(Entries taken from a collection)
------------------------------------------------------------
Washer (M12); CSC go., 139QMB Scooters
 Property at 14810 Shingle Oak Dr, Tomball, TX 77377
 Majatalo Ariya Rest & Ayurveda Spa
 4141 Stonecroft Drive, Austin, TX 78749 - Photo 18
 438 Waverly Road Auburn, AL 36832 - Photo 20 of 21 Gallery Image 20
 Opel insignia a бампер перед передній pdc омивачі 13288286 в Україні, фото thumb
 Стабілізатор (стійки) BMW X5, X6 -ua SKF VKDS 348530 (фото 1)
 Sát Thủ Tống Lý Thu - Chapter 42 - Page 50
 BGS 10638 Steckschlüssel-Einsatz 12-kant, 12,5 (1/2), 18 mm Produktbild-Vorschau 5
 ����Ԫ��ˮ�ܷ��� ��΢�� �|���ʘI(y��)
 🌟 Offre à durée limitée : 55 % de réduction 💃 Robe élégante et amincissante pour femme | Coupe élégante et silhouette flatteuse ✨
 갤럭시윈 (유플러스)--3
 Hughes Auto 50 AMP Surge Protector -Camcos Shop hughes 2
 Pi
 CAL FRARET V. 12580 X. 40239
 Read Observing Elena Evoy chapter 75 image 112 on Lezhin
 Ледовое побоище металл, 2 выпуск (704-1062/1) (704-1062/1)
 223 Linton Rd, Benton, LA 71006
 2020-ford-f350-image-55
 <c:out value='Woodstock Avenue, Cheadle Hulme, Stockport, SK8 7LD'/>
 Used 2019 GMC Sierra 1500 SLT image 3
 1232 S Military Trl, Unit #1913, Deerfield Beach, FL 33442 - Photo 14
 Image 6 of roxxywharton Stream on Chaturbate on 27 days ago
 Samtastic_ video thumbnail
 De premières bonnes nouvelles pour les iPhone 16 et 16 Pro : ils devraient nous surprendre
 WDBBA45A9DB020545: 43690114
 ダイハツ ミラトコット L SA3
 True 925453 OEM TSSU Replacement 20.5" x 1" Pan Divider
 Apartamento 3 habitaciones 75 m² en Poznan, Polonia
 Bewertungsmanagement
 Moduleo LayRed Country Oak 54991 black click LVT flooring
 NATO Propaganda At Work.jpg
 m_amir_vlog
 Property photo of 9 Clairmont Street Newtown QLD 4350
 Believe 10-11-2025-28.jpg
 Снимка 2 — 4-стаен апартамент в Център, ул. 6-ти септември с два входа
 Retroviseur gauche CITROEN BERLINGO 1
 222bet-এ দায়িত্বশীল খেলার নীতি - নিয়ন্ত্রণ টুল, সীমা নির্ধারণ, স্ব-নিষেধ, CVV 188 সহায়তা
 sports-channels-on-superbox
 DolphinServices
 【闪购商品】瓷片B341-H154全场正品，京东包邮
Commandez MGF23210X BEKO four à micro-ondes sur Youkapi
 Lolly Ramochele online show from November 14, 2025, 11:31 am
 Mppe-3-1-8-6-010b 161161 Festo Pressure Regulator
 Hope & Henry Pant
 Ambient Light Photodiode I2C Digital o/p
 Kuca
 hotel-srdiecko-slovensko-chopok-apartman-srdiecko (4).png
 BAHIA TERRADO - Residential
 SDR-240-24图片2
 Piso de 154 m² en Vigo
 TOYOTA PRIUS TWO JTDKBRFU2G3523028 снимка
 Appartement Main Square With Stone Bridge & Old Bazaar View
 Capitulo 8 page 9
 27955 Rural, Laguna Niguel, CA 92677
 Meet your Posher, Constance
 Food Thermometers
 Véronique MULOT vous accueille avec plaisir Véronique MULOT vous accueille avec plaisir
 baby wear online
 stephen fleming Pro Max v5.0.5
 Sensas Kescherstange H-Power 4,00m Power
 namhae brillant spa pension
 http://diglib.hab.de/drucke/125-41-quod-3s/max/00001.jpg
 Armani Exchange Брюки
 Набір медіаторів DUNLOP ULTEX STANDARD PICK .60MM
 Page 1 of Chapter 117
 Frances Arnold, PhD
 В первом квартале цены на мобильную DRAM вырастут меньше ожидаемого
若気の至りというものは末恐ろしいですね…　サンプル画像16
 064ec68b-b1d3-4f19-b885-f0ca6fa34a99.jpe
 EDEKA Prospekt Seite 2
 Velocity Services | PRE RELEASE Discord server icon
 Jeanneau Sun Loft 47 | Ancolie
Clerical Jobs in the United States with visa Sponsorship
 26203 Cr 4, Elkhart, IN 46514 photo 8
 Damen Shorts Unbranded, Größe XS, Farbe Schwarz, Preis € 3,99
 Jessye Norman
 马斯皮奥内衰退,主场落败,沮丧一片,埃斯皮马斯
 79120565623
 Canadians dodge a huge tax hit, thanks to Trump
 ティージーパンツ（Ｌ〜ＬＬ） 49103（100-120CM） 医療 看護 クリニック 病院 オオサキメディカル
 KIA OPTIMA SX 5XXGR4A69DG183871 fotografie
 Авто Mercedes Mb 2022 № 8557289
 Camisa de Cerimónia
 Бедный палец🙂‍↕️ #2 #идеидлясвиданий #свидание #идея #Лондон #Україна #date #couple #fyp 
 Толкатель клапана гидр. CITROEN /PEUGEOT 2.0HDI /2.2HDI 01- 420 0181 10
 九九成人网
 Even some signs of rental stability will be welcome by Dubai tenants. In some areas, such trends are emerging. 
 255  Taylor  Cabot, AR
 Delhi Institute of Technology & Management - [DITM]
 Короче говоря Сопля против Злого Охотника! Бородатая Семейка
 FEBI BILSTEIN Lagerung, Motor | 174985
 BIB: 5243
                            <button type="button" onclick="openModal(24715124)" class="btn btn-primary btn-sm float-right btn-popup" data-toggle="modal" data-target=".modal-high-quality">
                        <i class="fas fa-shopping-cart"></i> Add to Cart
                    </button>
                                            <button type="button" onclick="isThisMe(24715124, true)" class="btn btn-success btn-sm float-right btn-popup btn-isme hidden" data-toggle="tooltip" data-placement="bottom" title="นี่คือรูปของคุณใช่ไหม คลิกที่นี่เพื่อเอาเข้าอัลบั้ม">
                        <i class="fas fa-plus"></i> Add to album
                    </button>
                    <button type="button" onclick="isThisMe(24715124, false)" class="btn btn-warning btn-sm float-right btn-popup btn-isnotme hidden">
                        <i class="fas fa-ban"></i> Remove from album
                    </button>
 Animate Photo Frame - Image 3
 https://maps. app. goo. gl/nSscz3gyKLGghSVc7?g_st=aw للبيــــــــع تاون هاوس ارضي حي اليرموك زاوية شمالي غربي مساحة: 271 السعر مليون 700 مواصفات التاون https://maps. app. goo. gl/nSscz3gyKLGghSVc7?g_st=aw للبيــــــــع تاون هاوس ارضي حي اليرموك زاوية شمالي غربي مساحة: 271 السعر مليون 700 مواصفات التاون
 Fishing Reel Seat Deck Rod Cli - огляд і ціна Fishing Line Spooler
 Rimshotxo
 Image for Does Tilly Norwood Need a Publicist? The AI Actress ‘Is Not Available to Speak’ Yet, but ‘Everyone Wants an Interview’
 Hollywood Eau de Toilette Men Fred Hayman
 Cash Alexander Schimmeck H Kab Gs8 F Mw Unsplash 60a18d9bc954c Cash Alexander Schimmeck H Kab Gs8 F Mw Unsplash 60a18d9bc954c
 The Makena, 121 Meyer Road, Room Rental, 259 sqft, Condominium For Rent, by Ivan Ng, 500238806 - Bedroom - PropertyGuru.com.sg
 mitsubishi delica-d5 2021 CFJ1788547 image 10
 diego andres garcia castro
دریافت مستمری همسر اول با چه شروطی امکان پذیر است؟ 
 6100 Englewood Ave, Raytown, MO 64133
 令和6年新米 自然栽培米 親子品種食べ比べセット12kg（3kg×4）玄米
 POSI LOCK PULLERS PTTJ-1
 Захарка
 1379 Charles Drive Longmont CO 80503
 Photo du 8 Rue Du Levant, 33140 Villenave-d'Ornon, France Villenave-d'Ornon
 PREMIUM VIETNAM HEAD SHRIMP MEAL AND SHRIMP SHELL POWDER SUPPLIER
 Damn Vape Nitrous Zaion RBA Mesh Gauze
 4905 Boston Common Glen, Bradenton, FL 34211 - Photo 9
------------------------------------------------------------
- How to complete this task -
Please give an exact copy of the lines above, beginning with the line containing "Velocity Services |" and running through the line containing "79120565623", and of no other lines.

- Exercise output -
 Velocity Services | PRE RELEASE Discord server icon
 Jeanneau Sun Loft 47 | Ancolie
Clerical Jobs in the United States with visa Sponsorship
 26203 Cr 4, Elkhart, IN 46514 photo 8
 Damen Shorts Unbranded, Größe XS, Farbe Schwarz, Preis € 3,99
 Jessye Norman
 马斯皮奥内衰退,主场落败,沮丧一片,埃斯皮马斯
 79120565623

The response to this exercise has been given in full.